EXPERT INVITÉ. L’endettement des ménages, on le sait, atteint des taux record. Le montant d’argent qu’ils doivent par rapport à leur revenu disponible continue d’augmenter et oscille autour de 180 %. Autrement dit, les Canadiens doivent en moyenne près de 1,80 $ pour chaque dollar de leur revenu annuel net d’impôt. Doit-on s’en préoccuper ? Oui… et non !
La dette des ménages, qui s’élève aujourd’hui à plus de 2 000 milliards de dollars, a fait un bond prodigieux ces dernières années. Un montant considérable qui fait sourciller la Banque du Canada, qui doit ainsi en tenir compte dans sa politique monétaire et qui vient d’annoncer le maintien de son taux d’intérêt directeur à 1,75 %. Le ratio d’endettement était d’environ 100 % il y a 20 ans et de 66 % en 1980.

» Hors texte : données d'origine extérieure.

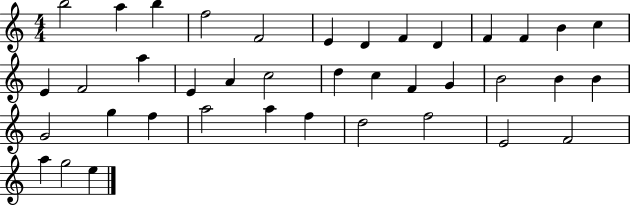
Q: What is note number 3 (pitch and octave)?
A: B5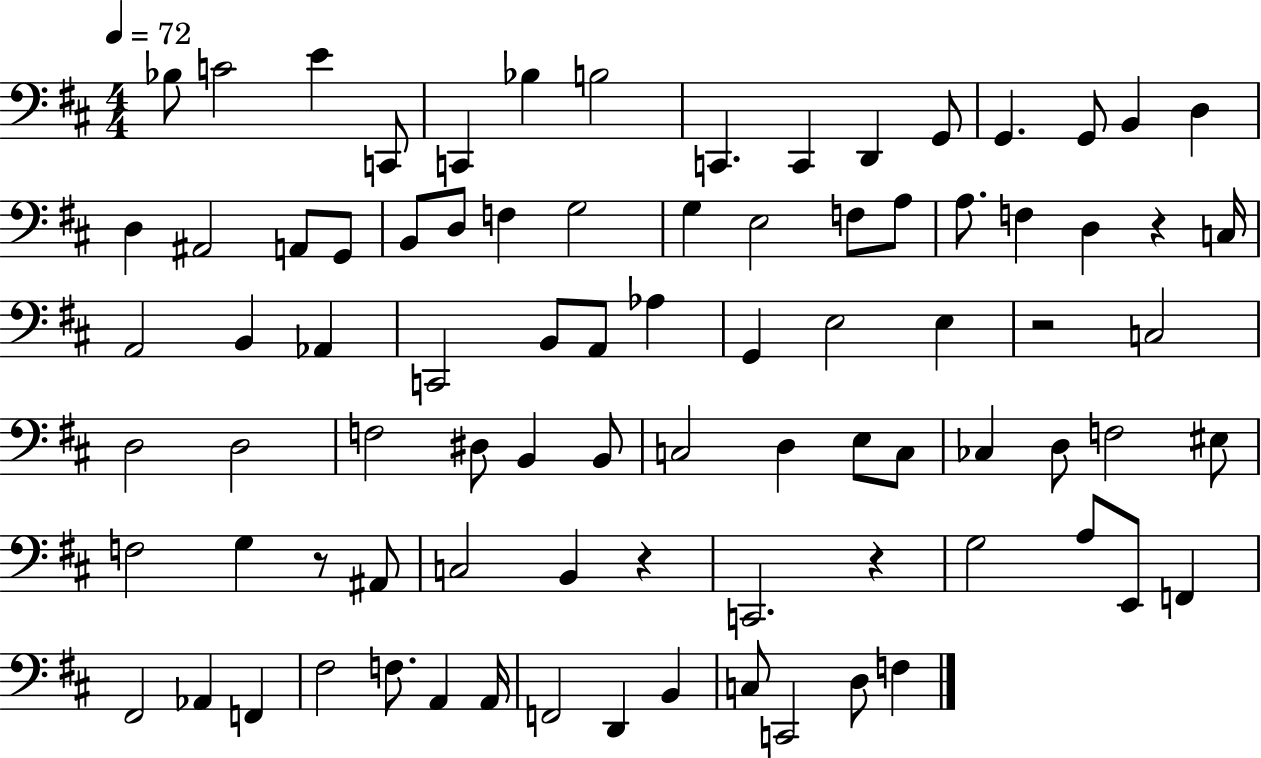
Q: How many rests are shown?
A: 5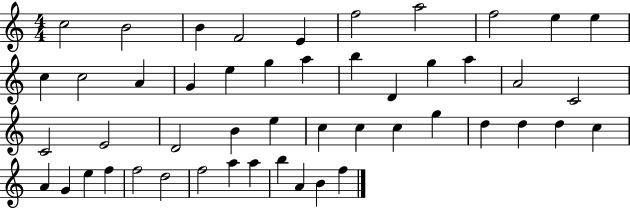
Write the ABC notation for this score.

X:1
T:Untitled
M:4/4
L:1/4
K:C
c2 B2 B F2 E f2 a2 f2 e e c c2 A G e g a b D g a A2 C2 C2 E2 D2 B e c c c g d d d c A G e f f2 d2 f2 a a b A B f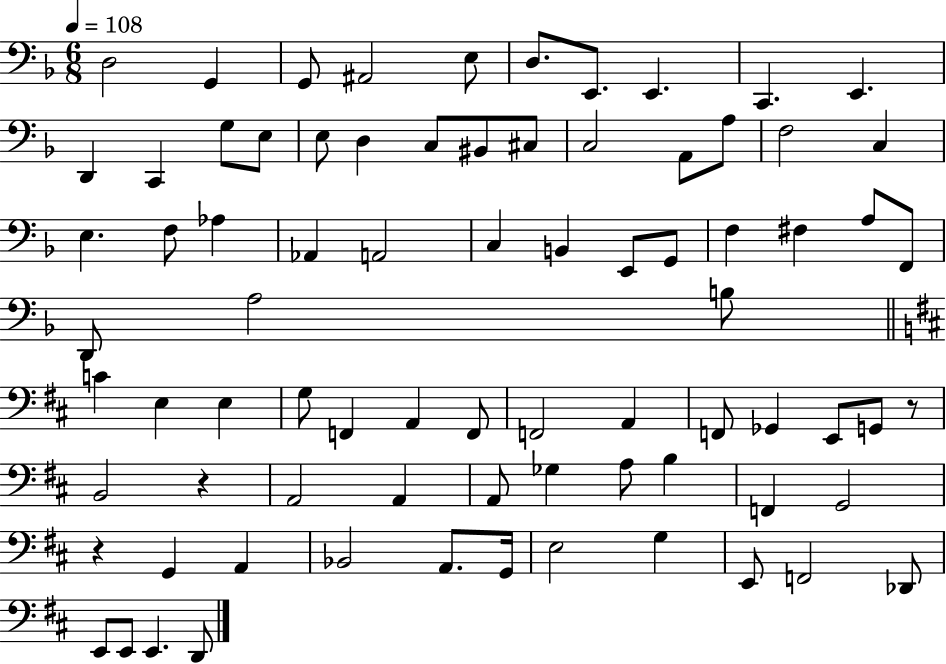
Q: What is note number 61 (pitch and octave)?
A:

La dette hypothécaire, qui représente environ les trois quarts de la dette totale des ménages, est en grande partie responsable de la situation. La très forte augmentation de la dette s’est en effet produite principalement pendant une longue période de taux d’intérêt historiquement bas. Au Canada, le taux d’intérêt directeur est tombé à 0,25 % en 2009 et est resté égal ou inférieur à 1 % jusqu’à la mi-2017.
Ces faibles taux ont du même coup permis à un nombre croissant de personnes de réaliser leur rêve d’acheter une maison. Comme en témoigne le taux de propriété qui atteint une moyenne de 68 % au pays. Même si un rattrapage s’est effectué au cours des dernières années, le Québec demeure la province où le taux de propriété (61 %) est le plus bas au Canada.
Quand on se compare…
Or, il est rassurant de constater que les ménages se sont endettés surtout pour se constituer un patrimoine, voire s’enrichir. Le fort ratio d’endettement n’est donc pas aussi inquiétant qu’il n’y paraît. Au Québec, du moins, où le ratio d’endettement de 160,6 % des consommateurs est sous la moyenne nationale et nettement plus faible qu’en Alberta (214,9 %) ou en Colombie-Britannique (204,5 %). Les villes de Vancouver (242 %) et de Toronto (208 %) affichent les ratios les plus élevés du pays, comparativement à Montréal (167 %), Québec (140 %) ou Sherbrooke (132 %).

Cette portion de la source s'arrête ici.